Image Sources: blog.atos.net

4 responses to “Leaders: You Can’t Really Manage Change

  1. Hello Anil. Love the phrasing “Organizational Evolution” and many of your other points resonated with me also.

    I would suggest tho that while it might seem true that “you can’t really manage change” the alternative is worse, i.e. not managing change. It has been my own experience that Leaders who commit to really understanding the nature of change can optimize results through proven approaches (this usually begins with acknowledging the difference between transitional and transformational change). This is an extraordinary strategic and competitive advantage.

    Many thought leaders have been working on this for decades – you might find Daryl Conner’s work on the “nimble organization” useful – he has a blog post on it here http://changethinking.net/category/nimble-organizations. As a bread crumb, he addressed two levels: environment (leadership, culture and roles) and application (portfolio and implementation). And there is much more in his “Leading at the Edge of Chaos: How to Create the Nimble Organization”, John Wiley & Sons, 1998 (the blog reflects some of the highlights and innovations to the concepts since the book was published).

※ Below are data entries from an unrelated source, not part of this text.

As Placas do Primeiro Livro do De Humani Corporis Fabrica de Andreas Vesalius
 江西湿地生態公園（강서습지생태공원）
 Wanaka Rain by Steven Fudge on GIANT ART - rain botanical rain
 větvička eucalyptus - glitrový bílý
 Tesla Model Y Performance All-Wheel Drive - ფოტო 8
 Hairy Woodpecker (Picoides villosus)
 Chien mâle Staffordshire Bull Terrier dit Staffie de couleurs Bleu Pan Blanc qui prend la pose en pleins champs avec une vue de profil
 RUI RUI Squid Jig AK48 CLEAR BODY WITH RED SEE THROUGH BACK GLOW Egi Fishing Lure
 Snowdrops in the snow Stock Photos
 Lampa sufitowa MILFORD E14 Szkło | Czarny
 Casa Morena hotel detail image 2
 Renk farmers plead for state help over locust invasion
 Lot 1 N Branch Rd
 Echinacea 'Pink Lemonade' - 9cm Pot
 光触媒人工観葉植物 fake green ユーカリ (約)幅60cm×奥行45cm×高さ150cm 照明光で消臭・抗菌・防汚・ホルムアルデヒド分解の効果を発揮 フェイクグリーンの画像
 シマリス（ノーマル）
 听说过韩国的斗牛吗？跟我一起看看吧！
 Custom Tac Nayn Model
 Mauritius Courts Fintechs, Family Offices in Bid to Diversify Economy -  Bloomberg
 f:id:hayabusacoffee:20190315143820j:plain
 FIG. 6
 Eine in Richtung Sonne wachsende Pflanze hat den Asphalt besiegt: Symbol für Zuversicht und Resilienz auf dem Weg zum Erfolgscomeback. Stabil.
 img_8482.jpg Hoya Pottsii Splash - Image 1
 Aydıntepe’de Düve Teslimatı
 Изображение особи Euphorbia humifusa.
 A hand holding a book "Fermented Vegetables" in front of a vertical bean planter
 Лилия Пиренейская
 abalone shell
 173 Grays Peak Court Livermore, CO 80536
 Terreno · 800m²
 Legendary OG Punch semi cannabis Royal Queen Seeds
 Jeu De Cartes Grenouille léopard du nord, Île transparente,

    Happy to discuss off line if you like – gail.severini@connerpartners.com

    Thanks for a great post that really got my brain thinking along the lines of organizational capability. Too often clients want to focus on a particular strategic initiative and we always wish they would invest more deeply in retaining and building out organizational robustness.


    • Gail – Thanks so much for the reply. I agree that you can’t just “let change happen” but the traditional methods, practiced as they are currently, are not effective. You are correct that leaders must commit to following through and understanding that transactional changes are not really “just one change discrete change”. I believe that there is no discrete change or transactional change. Since organizations are like organisms, one action in a part has an affect on the whole. Thanks for the mention of Conner’s work. I enjoyed that book a lot too.